Records shown
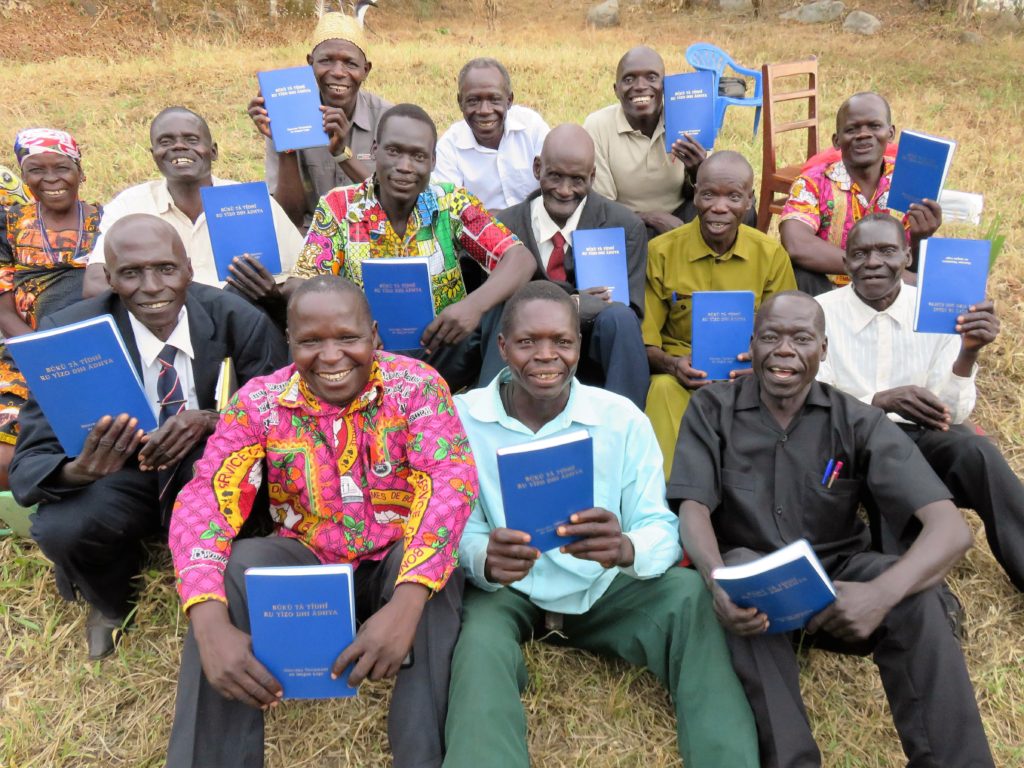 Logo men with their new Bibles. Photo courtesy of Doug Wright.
...
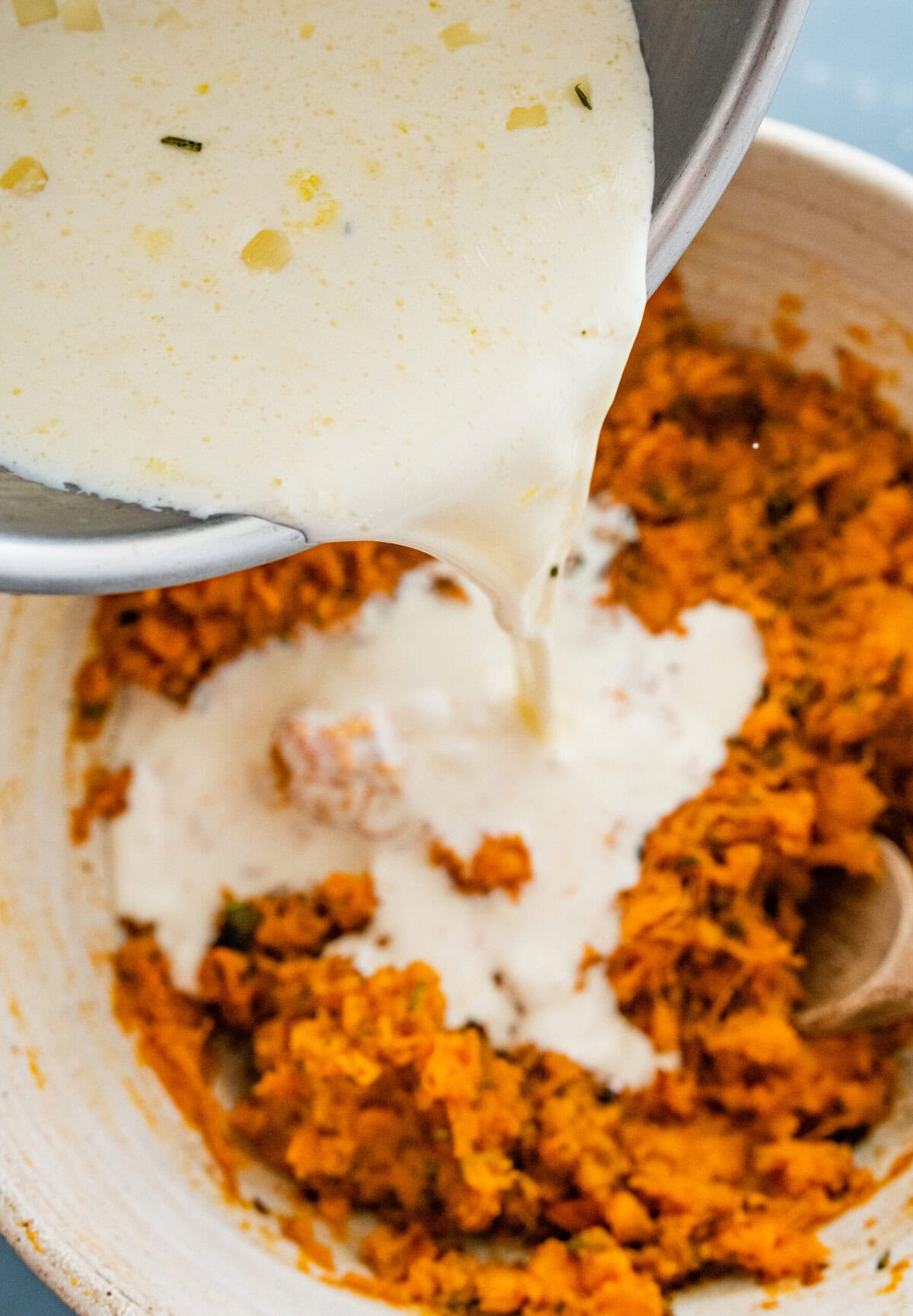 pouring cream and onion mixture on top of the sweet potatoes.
==
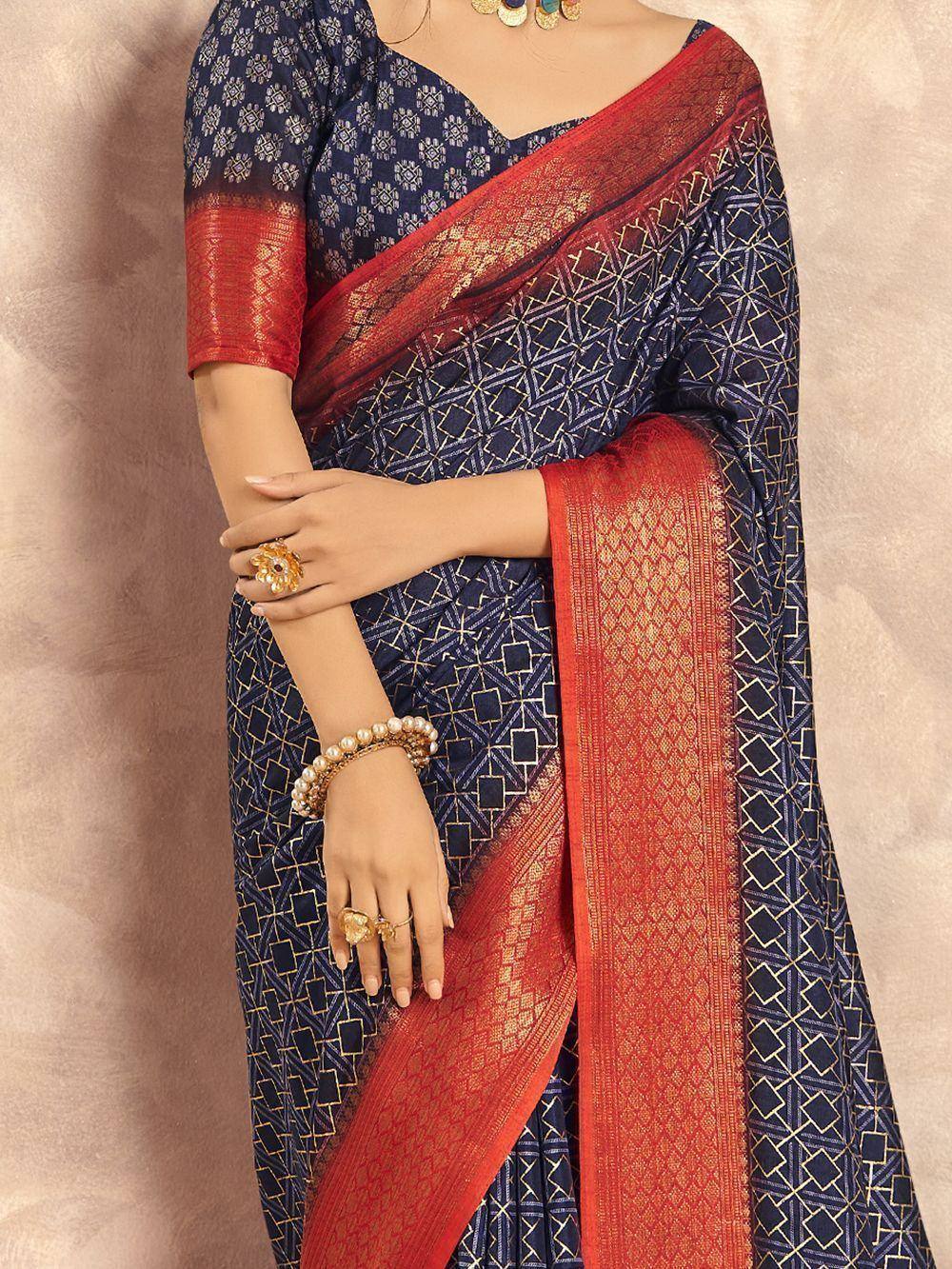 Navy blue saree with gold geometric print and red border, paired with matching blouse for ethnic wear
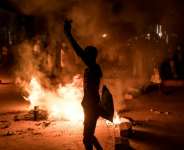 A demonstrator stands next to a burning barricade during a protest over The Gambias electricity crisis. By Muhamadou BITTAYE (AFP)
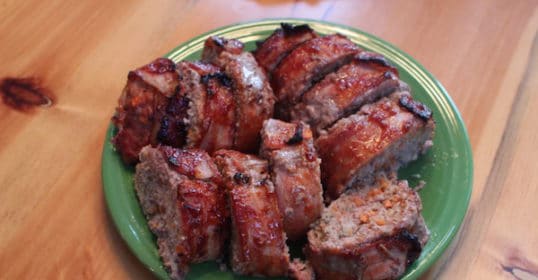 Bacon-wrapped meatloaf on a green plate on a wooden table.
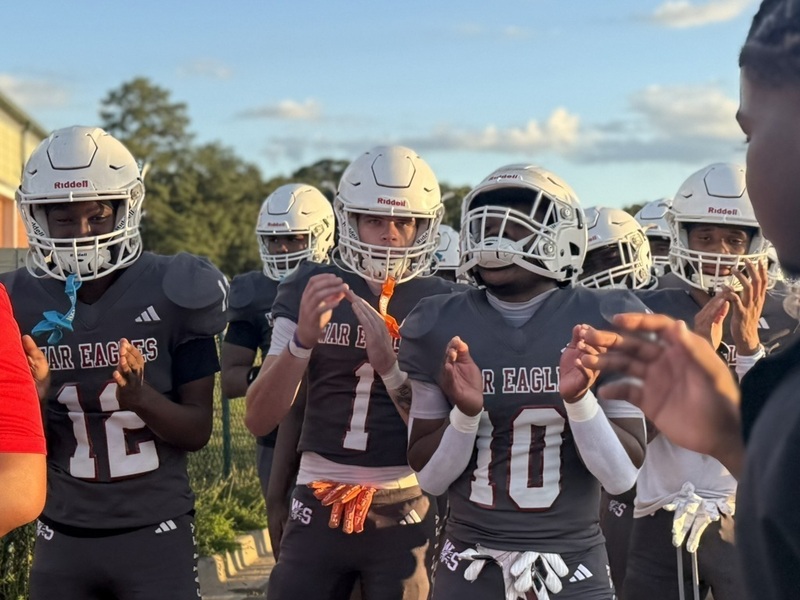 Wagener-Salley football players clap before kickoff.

Description of the task
Each line above from the one containing "Navy blue saree" through the one containing "Wagener-Salley football players" is to be returned verbatim. Nothing else, and no pictures.

Result of the task
 Navy blue saree with gold geometric print and red border, paired with matching blouse for ethnic wear
 A demonstrator stands next to a burning barricade during a protest over The Gambias electricity crisis. By Muhamadou BITTAYE (AFP)
 Bacon-wrapped meatloaf on a green plate on a wooden table.
 Wagener-Salley football players clap before kickoff.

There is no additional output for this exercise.